To ban nuclear deterrence, ban possession, not threat of use

Kjølv Egeland

The first draft of the nuclear weapons ban treaty (I suppose we should start calling it ‘the prohibition convention’ now) does not ban the ‘threat of use’ of nuclear weapons. This omission has led some commentators to suggest that the ban treaty would allow the practice of nuclear deterrence. I propose a radically different reading of the draft: while the existing draft’s combination of prohibitions against ‘possession’ and ‘assistance, encouragement, and inducement’ of prohibited acts does in fact effectively outlaw the practice of nuclear deterrence, a ban against the ‘threat of use’ of nuclear weapons would not.

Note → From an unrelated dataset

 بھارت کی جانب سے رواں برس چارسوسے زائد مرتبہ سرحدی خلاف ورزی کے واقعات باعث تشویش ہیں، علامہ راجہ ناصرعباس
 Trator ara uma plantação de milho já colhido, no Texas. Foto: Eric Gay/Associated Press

It is certainly true that the doctrine of nuclear deterrence relies, at a minimum, on an implicit threat of use – a ‘possibility of use’ – but the mere possession of a weapon cannot, it seems to me, reasonably be described as a ‘threat’. Such an understanding of the word ‘threat’ would certainly not square well with international custom. After all, the threat of use of force is already generally prohibited under international law. Yet almost all the world’s states maintain conventional armed forces. And like nuclear weapons, these forces exert – and are intended to exert – a deterrent effect on potential aggressors. Yet few would argue that Finland or Cameroon or Paraguay are in constant violation of the UN Charter’s prohibition against the threat of use of force because they rely on a strategy of (conventional) deterrence. Such an argument could only be sustained by a claim that these states are continuously exercising their right to self-defence as codified by Article 51 of the UN Charter. But given that Article 51 limits the right of self-defence to situations where ‘an armed attack occurs against a Member of the United Nations’, such a view appears difficult to maintain.

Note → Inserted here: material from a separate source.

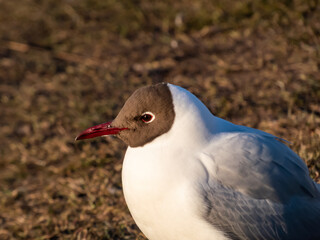 Fototapeta premium Beautiful and detailed shot of the black-headed gull (Chroicocephalus ridibundus) looking to the side in golden hour light with blurred background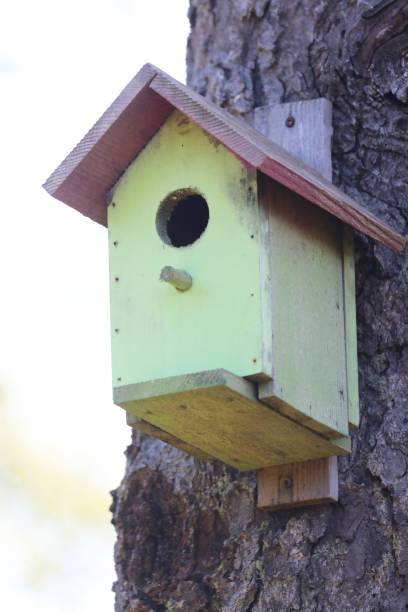 istock Colorful rustic wooden birdhouses 2159002044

I readily admit that certain (many? most?) nuclear deterrence practices can be understood as threats – Russia’s recent ‘warnings’ to countries like Norway and Denmark certainly look like threats from Oslo and Copenhagen – but the overlap between the concepts of ‘threat’ and ‘deterrence’ is not perfect. First and rather obviously, one may threaten but fail to deter (see: the immediate run-up to almost all wars ever). Second and more importantly, it is possible to practice deterrence without issuing a ‘threat’ as that word is commonly understood. Israel, for example, practices nuclear deterrence without even having officially admitted to possessing nuclear weapons.

If I am correct that the practice of nuclear deterrence only requires the faintest ‘possibility’ of use – not an active ‘threat’ – a ban against ‘threat of use’ of nuclear weapons clearly would not ban nuclear deterrence in all its forms. Rather, what one would have to target to eliminate any scope for lawful deterrence would be the ‘possibility’ of use. And a ‘possibility of use’, I would argue, can only be prohibited by banning ‘possession’. Add to that a ban on ‘assistance, encouragement, and inducement’ of prohibited acts, and you have effectively prohibited both ‘individual’ and ‘extended’ nuclear deterrence. After all, you cannot lawfully threaten to use a weapon you are not allowed to possess. And you cannot subscribe to the policy of extended nuclear deterrence if you are not allowed to encourage your friends to possess (or use, or acquire, or transfer, or station etc.) nuclear weapons. This point could be made even clearer through the inclusion in the prohibition convention of an article obligating  parties to actively promote the convention’s letter and spirit. The draft convention’s preamble could also be buttressed with a sentence or two making clear that signing on to the agreement constitutes a disavowal of the possession and use of nuclear weapons by any actor, under any circumstances.

For states that do not possess nuclear weapons but are engaged in military alliances that include one or more states that do possess such weapons, signing a convention like or similar to the present draft would constitute a withdrawal from the alliance’s ‘nuclear umbrella’, but not from its broader ‘security umbrella’. A state like Australia, for example, could sign the ban treaty and continue its security cooperation with the United States on the understanding that the latter would never use or retain nuclear weapons in Australia’s name.